• [WHAT IS REQUIRED]
Your answer should hold exactly the lines beginning with the one that contains "tomato sauce 140165792" and ending with the last line of the material, both included. Leave every picture out.

• [EXERCISE MATERIAL]
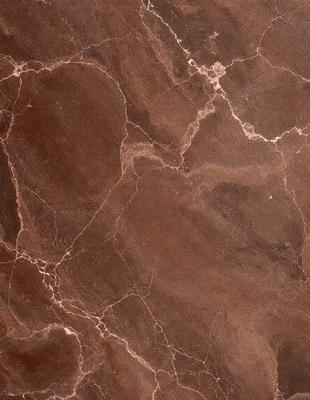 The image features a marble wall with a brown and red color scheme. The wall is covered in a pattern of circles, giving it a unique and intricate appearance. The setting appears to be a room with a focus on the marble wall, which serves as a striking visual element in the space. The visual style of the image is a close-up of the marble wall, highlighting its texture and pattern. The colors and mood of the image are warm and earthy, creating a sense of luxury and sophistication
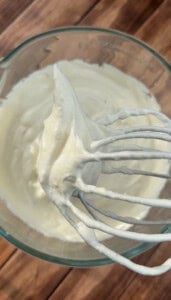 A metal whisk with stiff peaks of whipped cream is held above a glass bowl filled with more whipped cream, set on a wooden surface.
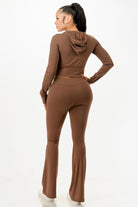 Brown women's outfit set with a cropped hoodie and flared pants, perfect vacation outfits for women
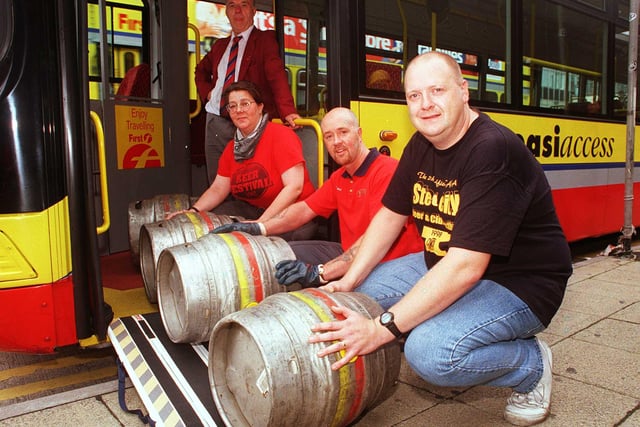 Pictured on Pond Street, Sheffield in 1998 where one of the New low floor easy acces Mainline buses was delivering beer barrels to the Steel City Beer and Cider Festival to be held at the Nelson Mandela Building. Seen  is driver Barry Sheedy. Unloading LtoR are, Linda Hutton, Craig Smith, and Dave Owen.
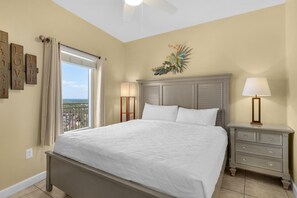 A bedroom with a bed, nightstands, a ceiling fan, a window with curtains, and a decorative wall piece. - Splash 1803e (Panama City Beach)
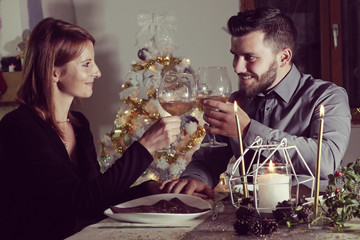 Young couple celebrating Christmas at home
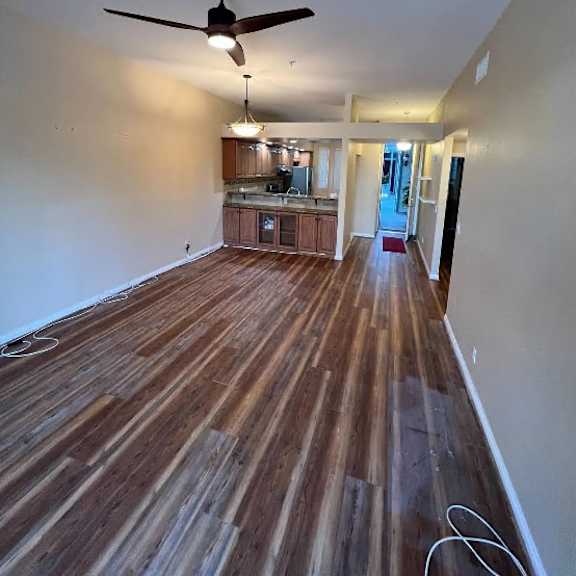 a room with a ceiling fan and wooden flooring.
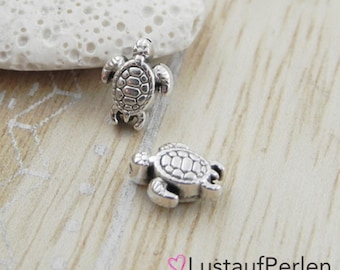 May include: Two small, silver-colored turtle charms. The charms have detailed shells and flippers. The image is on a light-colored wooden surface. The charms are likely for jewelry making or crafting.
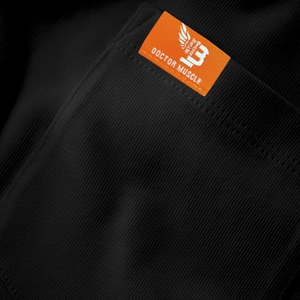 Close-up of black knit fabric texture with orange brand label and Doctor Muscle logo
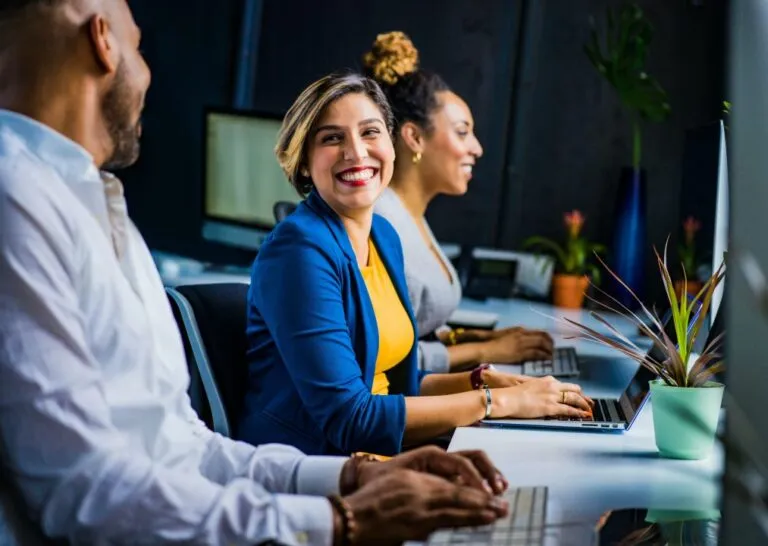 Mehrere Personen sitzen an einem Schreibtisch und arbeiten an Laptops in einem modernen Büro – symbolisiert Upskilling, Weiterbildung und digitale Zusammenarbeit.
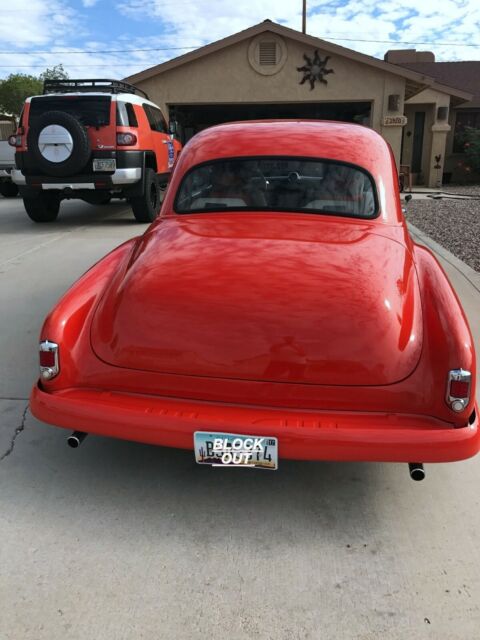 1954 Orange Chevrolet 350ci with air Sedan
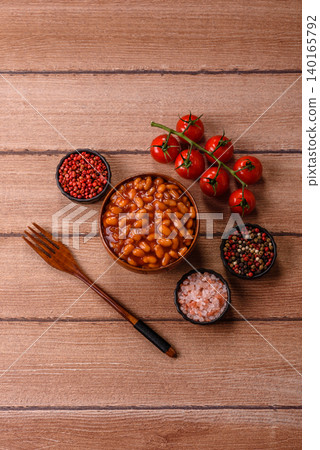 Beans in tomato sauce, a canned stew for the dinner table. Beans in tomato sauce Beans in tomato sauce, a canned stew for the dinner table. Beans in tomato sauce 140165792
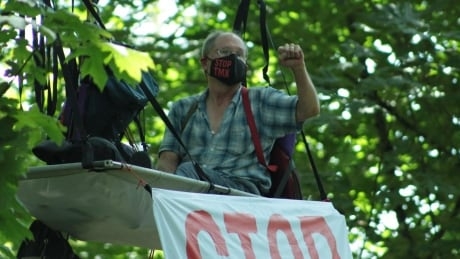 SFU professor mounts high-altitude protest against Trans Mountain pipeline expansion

• [RESPONSE AREA]
 Beans in tomato sauce, a canned stew for the dinner table. Beans in tomato sauce Beans in tomato sauce, a canned stew for the dinner table. Beans in tomato sauce 140165792
 SFU professor mounts high-altitude protest against Trans Mountain pipeline expansion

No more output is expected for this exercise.